Bug #7234
openValidate SystemMetadata.checksumAlgorithm in the DataONE API calls
0%
Description
Bryce pointed out that we have many incorrect checksumAlgorithm
strings various MNs. See https://github.nceas.ucsb.edu/KNB/arctic-data/issues/283. The upshot is that SHA-*
is the broadly supported syntax.
I checked the strings with:
package org.dataone.tests; import java.security.MessageDigest; import java.security.NoSuchAlgorithmException; import java.util.ArrayList; import java.util.List; public class MessageDigestDTest { public static void main(String[] args) { MessageDigest md = null; List<String> algorithms = new ArrayList<String>(); algorithms.add("MD5"); algorithms.add("MD-5"); algorithms.add("SHA1"); algorithms.add("SHA-1"); algorithms.add("SHA224"); algorithms.add("SHA-224"); algorithms.add("SHA256"); algorithms.add("SHA-256"); algorithms.add("SHA384"); algorithms.add("SHA-384"); algorithms.add("SHA512"); algorithms.add("SHA-512"); for (String algorithm : algorithms) { try { md = MessageDigest.getInstance(algorithm); System.out.println(md.getAlgorithm() + " is recognized."); } catch (NoSuchAlgorithmException e) { System.out.println(e.getMessage()); } } } }
and got:
MD5 is recognized. MD-5 MessageDigest not available SHA1 is recognized. SHA-1 is recognized. SHA224 MessageDigest not available SHA-224 is recognized. SHA256 MessageDigest not available SHA-256 is recognized. SHA384 MessageDigest not available SHA-384 is recognized. SHA512 MessageDigest not available SHA-512 is recognized.
Change MNodeService
, CNodeService
, and D1NodeService
methods that send or receive SystemMetadata
documents and validate the given string with MessageDigest.getInstance(algorithm)

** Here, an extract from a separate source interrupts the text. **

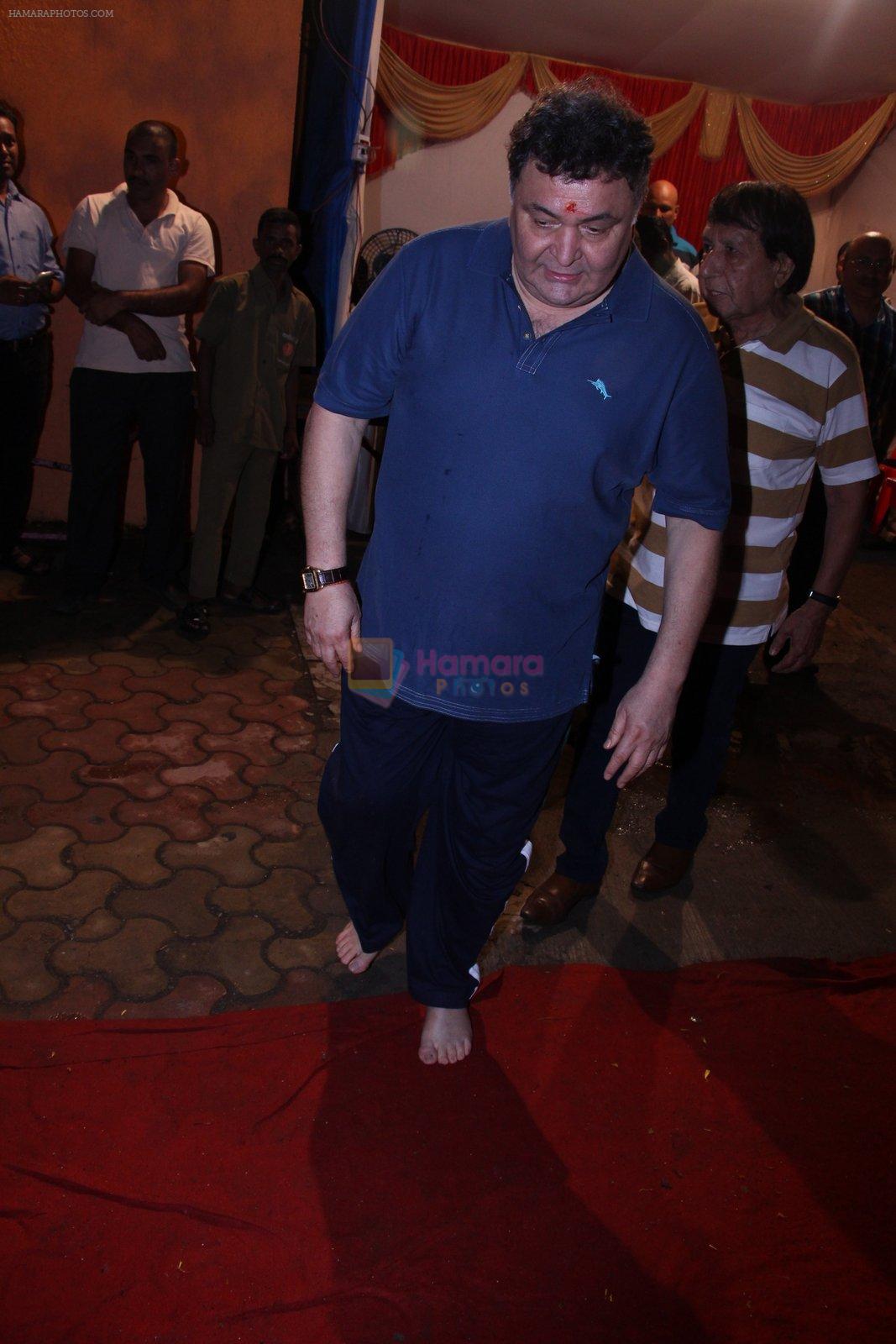 Rishi Kapoor Ganpati Visarjan on 9th Sept 2016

. If we get a NoSuchAlgorithm
exception, throw an InvalidSystemMetadata
exception for the call.
Updated by Matt Jones almost 7 years ago
The definition of the [ChecksumAlgorithm](https://releases.dataone.org/online/api-documentation-v2.0.1/apis/Types.html#Types.ChecksumAlgorithm) type says that algorithm names must be drawn from the Library of Congress controlled vocabulary:
The cryptographic hash algorithm used to calculate a checksum. DataONE recognizes the Library of Congress list of cryptographic hash algorithms that can be used as names in this field, and specifically uses the madsrdf:authoritativeLabel field as the name of the algorithm in this field. See: Library of Congress Cryptographic Algorithm Vocabulary. All compliant implementations must support at least SHA-1 and MD5, but may support other algorithms as well.
We should be checking against that list, and not the Java names, which may not be language neutral.
Updated by Jing Tao almost 7 years ago
According the list here http://id.loc.gov/vocabulary/preservation/cryptographicHashFunctions.html
some names from the list are:
MD5
SHA-1
SHA-256
SHA-384
SHA-512
It doesn't show SHA-224. I am not sure if it is in the list.